Reserve Life Index (RLI)

Pengrowth’s proved RLI decreased from 10.0 years to 8.9 years and the proved plus probable RLI of 10.6 years can be compared to last year’s established value of 11.6 years.

                         
Reserve Life Index
  2003
  2002
  2001
Total Proved
    8.9       10.0       11.7  
Proved plus Probable (Established reserves prior to 2003)
    10.6       11.6       13.6  

Development

During 2003 Pengrowth spent $85.7 million on development and optimization activities. The largest expenditures relate to Judy Creek ($21.5 million), SOEP ($15 million), Weyburn ($8.7 million), Cessford ($7.2 million) and Oak ($6.1 million). Pengrowth does not typically participate in exploration activities and in 2003 most of the capital spent on development was directed towards arresting production declines and not finding new reserves.

In Judy Creek the 2003 activities were focused on drilling four infill producers and one horizontal miscible injector, pattern optimization and exploitation of the shallower gas horizons occurred with the drilling of two gas wells. These initiatives resulted in the addition of 1.1 mmboe to proved producing company interest reserves.

The majority of the SOEP expenditures were directed towards the construction of the Tier II Alma and South Venture platforms. An exploration well was also drilled and abandoned in the Glenelg field in 2003 The Alma platform was tied back to the Thebaud platform in October 2003 and the field came on stream in November 2003 at a rate of 120 mmcf/d. An additional development well is planned for Alma in 2005. In South Venture, one development well was drilled in 2002 and completion is scheduled to occur this year along with the drilling of two additional wells. Production is expected to commence from South Venture in early 2005.

In Weyburn the majority of the capital was directed towards expansion of the CO2 miscible flood. As of late 2003 the CO2 flood had attained gross incremental production rates of 8,800 boepd, or 40% of the total daily production.

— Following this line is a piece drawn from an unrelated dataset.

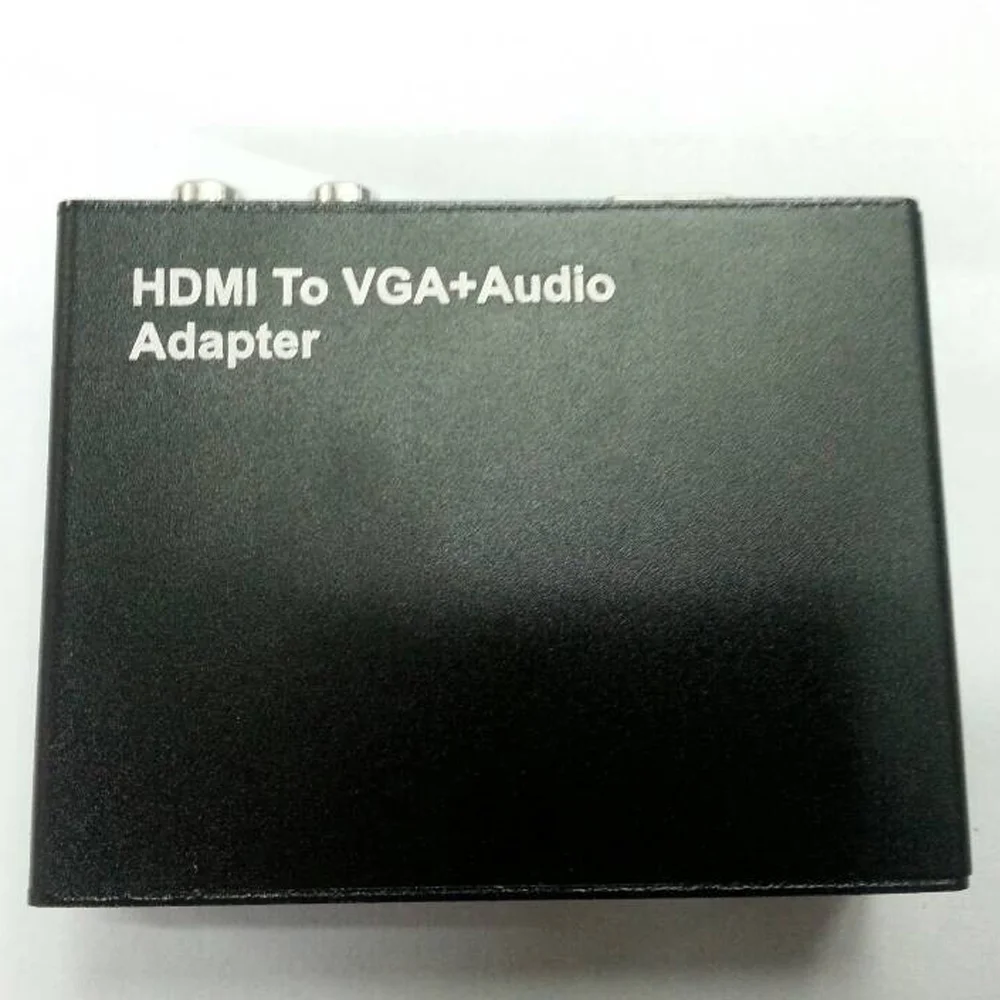 HDMI To VGA+R/L Audio Converter HDMI Conver VGA Adapter 1080P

In the third quarter of 2003, at Cessford, Pengrowth participated in a 73 shallow gas well drilling program operated by EOG and operated an additional 8 wells. Extensive upgrades were made to the field infrastructure to handle the production additions anticipated for 2004. The program resulted in incremental company interest proved producing gas reserves of approximately 4 bcf (655 mboe).

     In the Oak property capital was spent on a butane blending project, implementation of a new waterflood and the drilling of two Baldonnel gas wells.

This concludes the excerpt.